# The problem:
Copy each line below as it stands, but skip any picture it contains.
START Exercise data
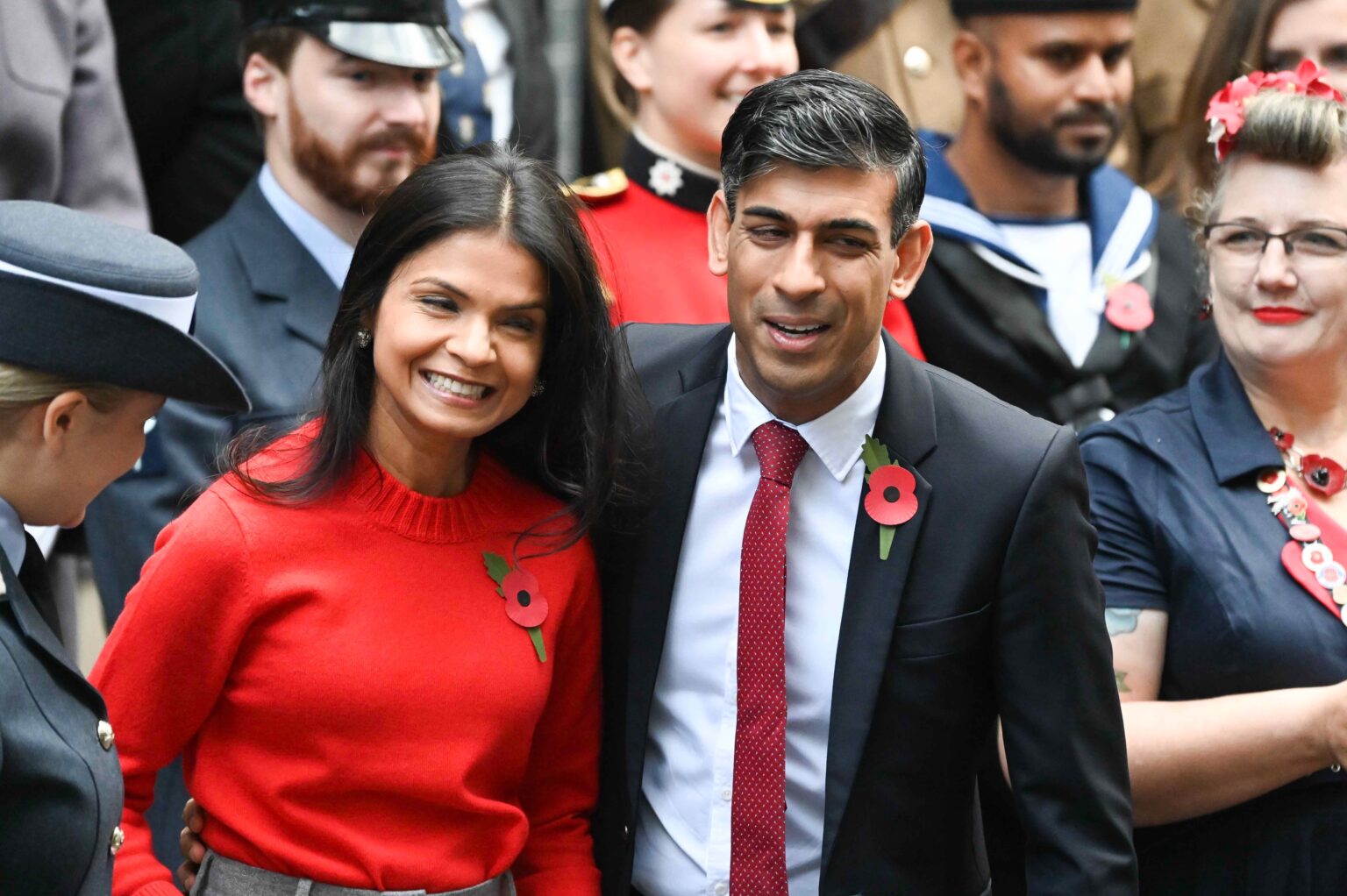 Prim-ministrul Rishi Sunak și soția sa Akshata Murty împreună cu membri ai forțelor armate și voluntari în fața 10 Downing Street, Londra, după ce au cumpărat un mac pentru Royal British Legion Poppy Appeal 2023.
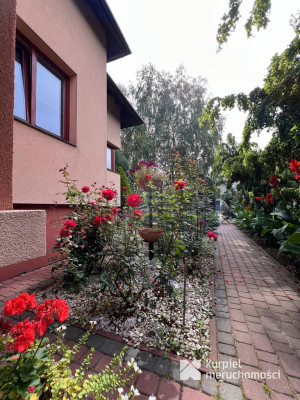 Dom na 9-arowej działce w centrum Przemyśla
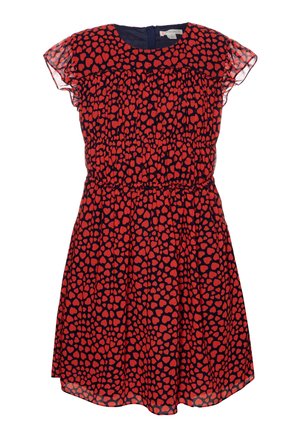 Marineblauwe jurk met rood hartjespatroon, korte doorschijnende wijd uitlopende mouwen, geplooide taille en ronde hals met rits aan de achterkant.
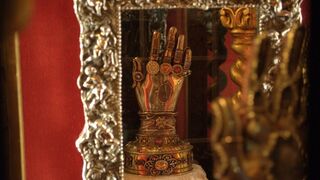 Relicario con la mano incorrupta de Santa Teresa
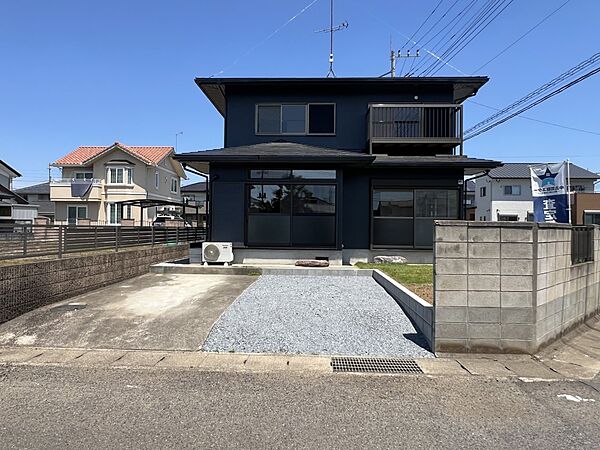 【外観：リフォーム完了】落ち着いた住宅街の一角に位置し、静かな暮らしを求める方におすすめです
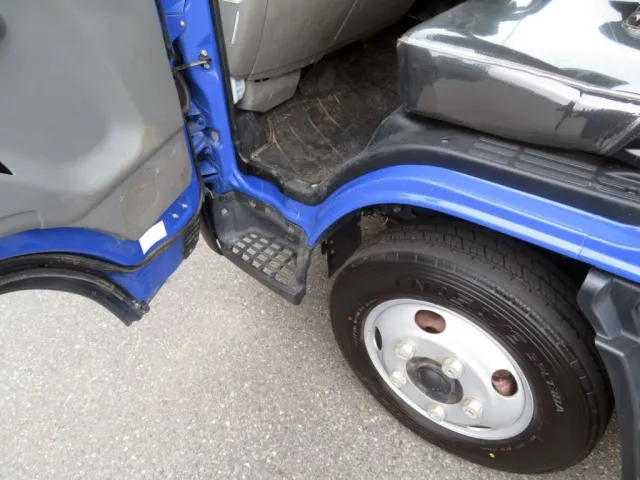 三菱 キャンター 2RG-FBAV0(2WD)の写真25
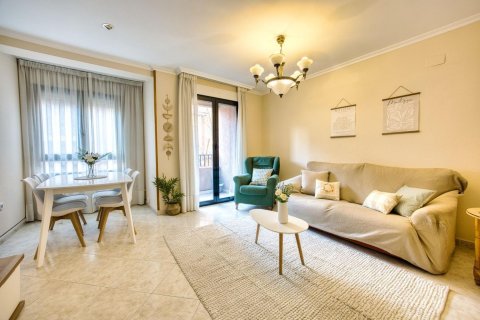 Продажа квартиры в Аликанте, Испания 3 спальни, 132м2 №179783 - фото 2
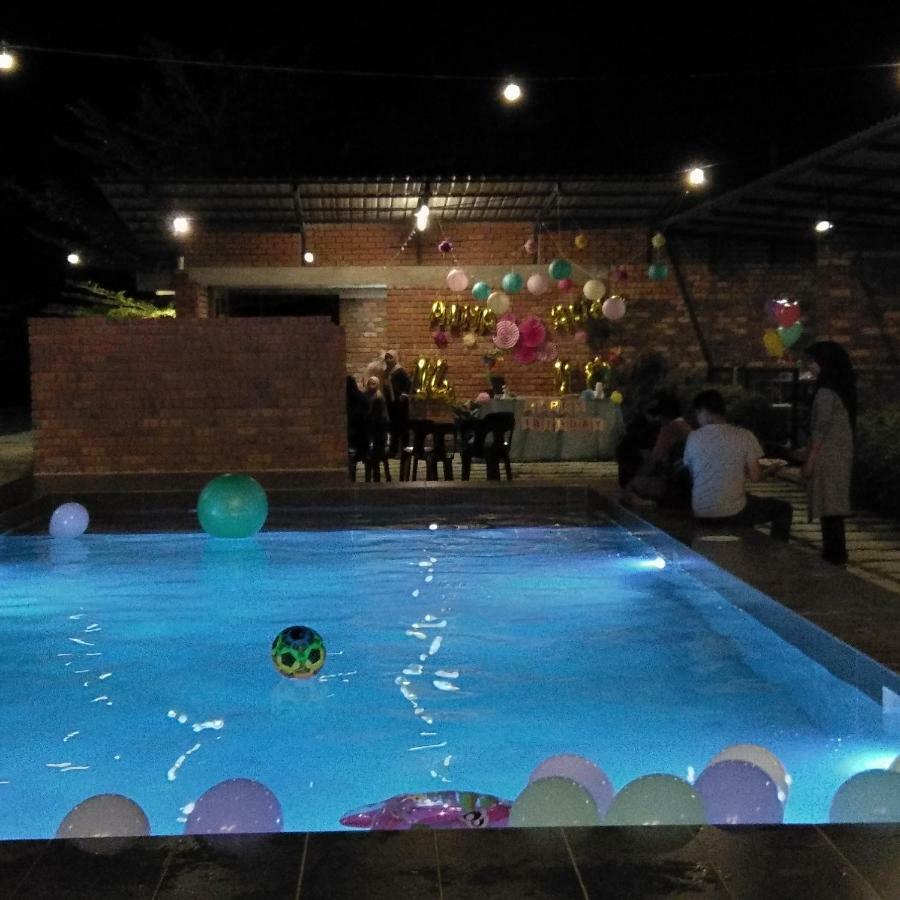 Petak Padin Cottage By The Pool, Kepala Batas  Extérieur photo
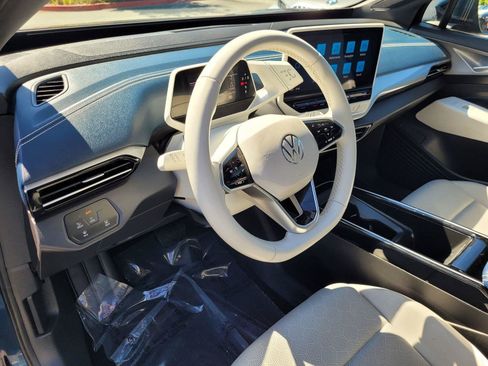 Used 2023 Volkswagen ID.4 S RWD image 12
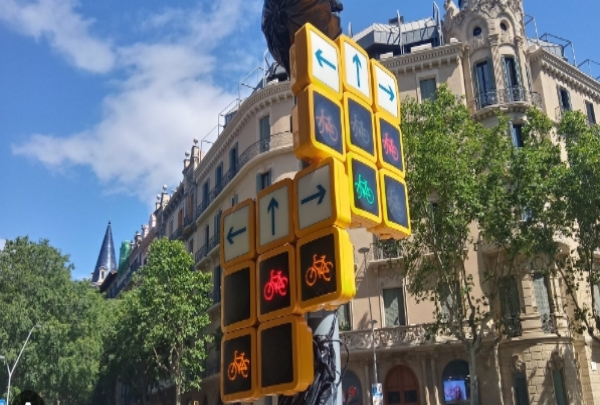 Como un juego de ajedrez luce un semáforo de carril de bici en Barcelona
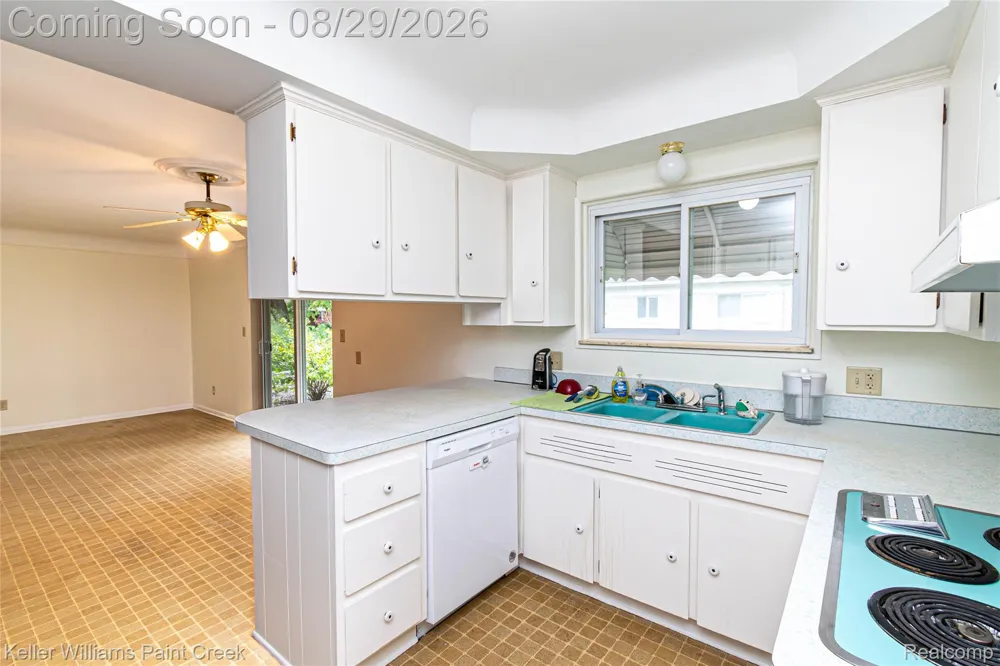 11534 Briarcliff Drive Warren City, MI 48093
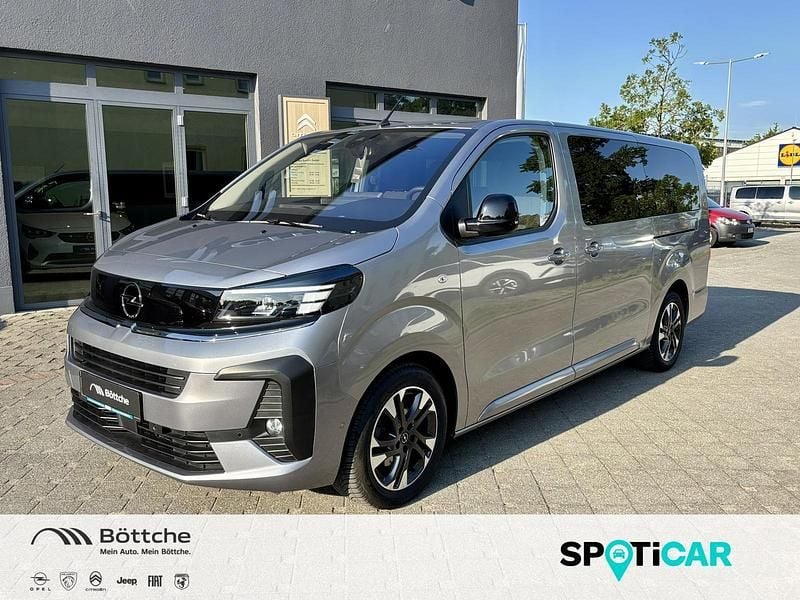 Silber Gebraucht 2024 Opel Zafira Life Edition Van / Kleinbus | 34.450 € (Superpreis) - Bild 1/4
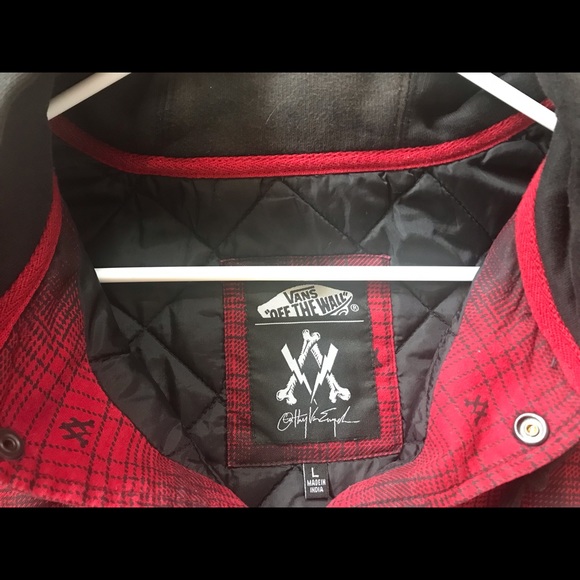 Snap button, hooded, lightweight jacket. - Picture 3 of 3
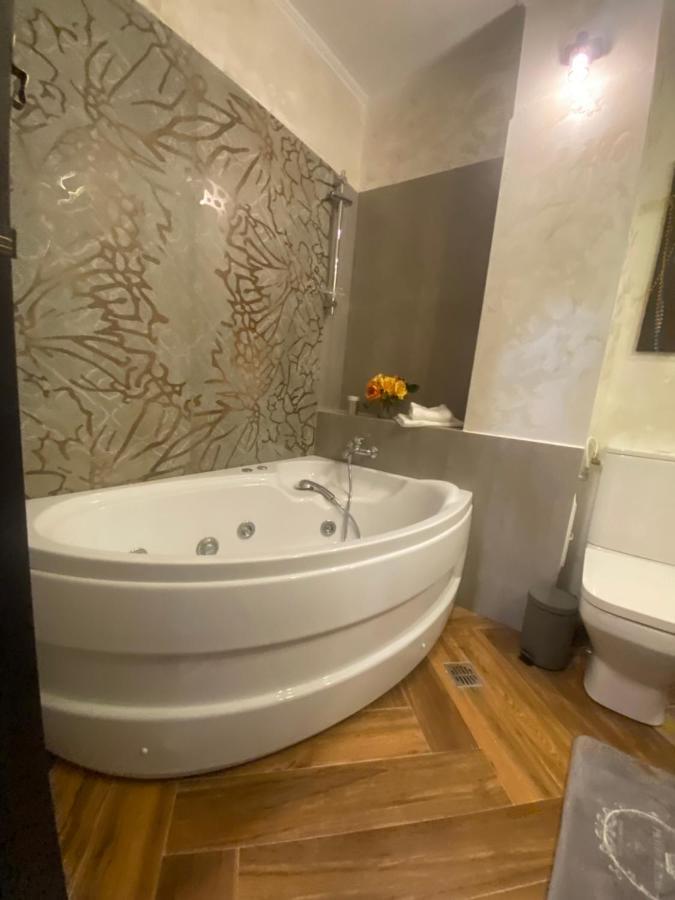 Victoriei Deluxe Suites Bukarest Kültér fotó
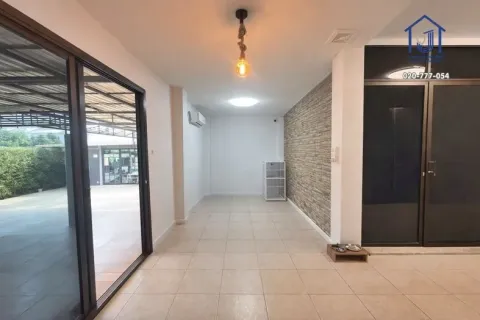 House in Nonthaburi, Thailand 3 bedrooms № 163172 - photo 14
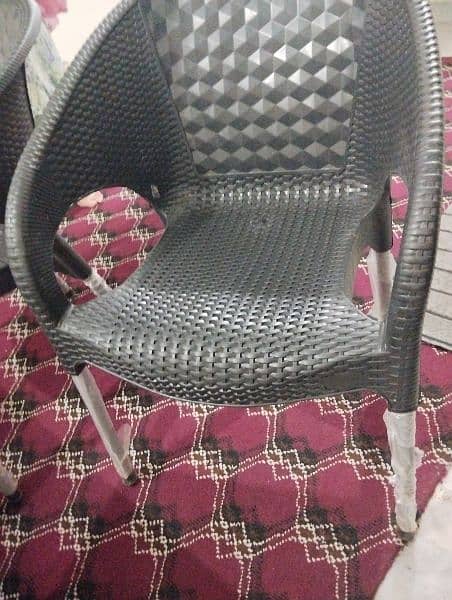 plastic chairs set 1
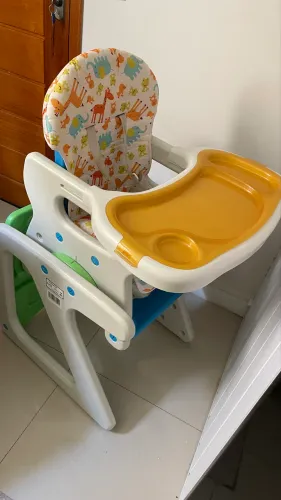 Cadeirão de alimentação 2 em 1 com mesinha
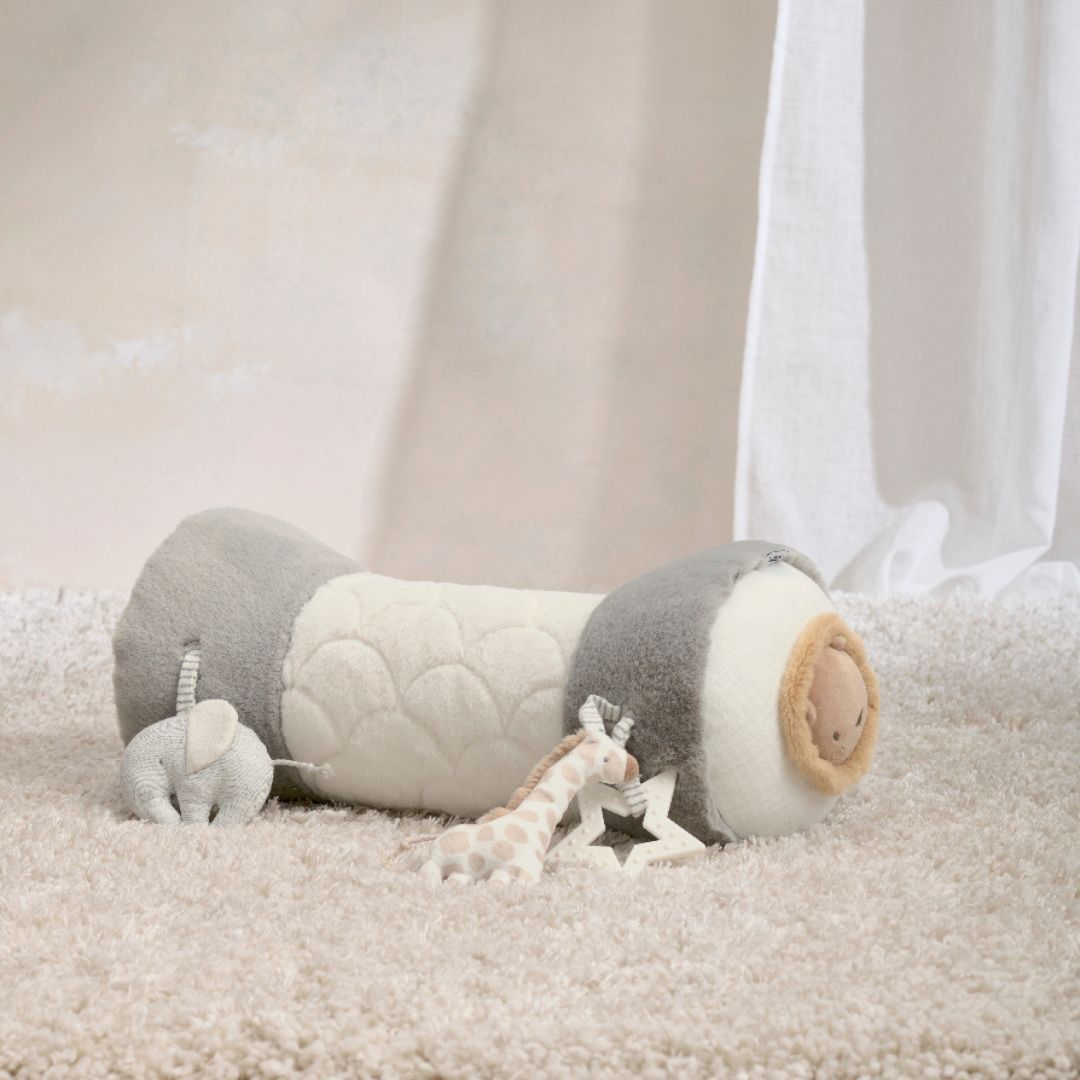 Mamas and Papas Welcome to the World Safari Tummy Time Roll — The Kids ...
END Exercise data
# Task response:
 Prim-ministrul Rishi Sunak și soția sa Akshata Murty împreună cu membri ai forțelor armate și voluntari în fața 10 Downing Street, Londra, după ce au cumpărat un mac pentru Royal British Legion Poppy Appeal 2023.
 Dom na 9-arowej działce w centrum Przemyśla
 Marineblauwe jurk met rood hartjespatroon, korte doorschijnende wijd uitlopende mouwen, geplooide taille en ronde hals met rits aan de achterkant.
 Relicario con la mano incorrupta de Santa Teresa
 【外観：リフォーム完了】落ち着いた住宅街の一角に位置し、静かな暮らしを求める方におすすめです
 三菱 キャンター 2RG-FBAV0(2WD)の写真25
 Продажа квартиры в Аликанте, Испания 3 спальни, 132м2 №179783 - фото 2
 Petak Padin Cottage By The Pool, Kepala Batas  Extérieur photo
 Used 2023 Volkswagen ID.4 S RWD image 12
 Como un juego de ajedrez luce un semáforo de carril de bici en Barcelona
 11534 Briarcliff Drive Warren City, MI 48093
 Silber Gebraucht 2024 Opel Zafira Life Edition Van / Kleinbus | 34.450 € (Superpreis) - Bild 1/4
 Snap button, hooded, lightweight jacket. - Picture 3 of 3
 Victoriei Deluxe Suites Bukarest Kültér fotó
 House in Nonthaburi, Thailand 3 bedrooms № 163172 - photo 14
 plastic chairs set 1
 Cadeirão de alimentação 2 em 1 com mesinha
 Mamas and Papas Welcome to the World Safari Tummy Time Roll — The Kids ...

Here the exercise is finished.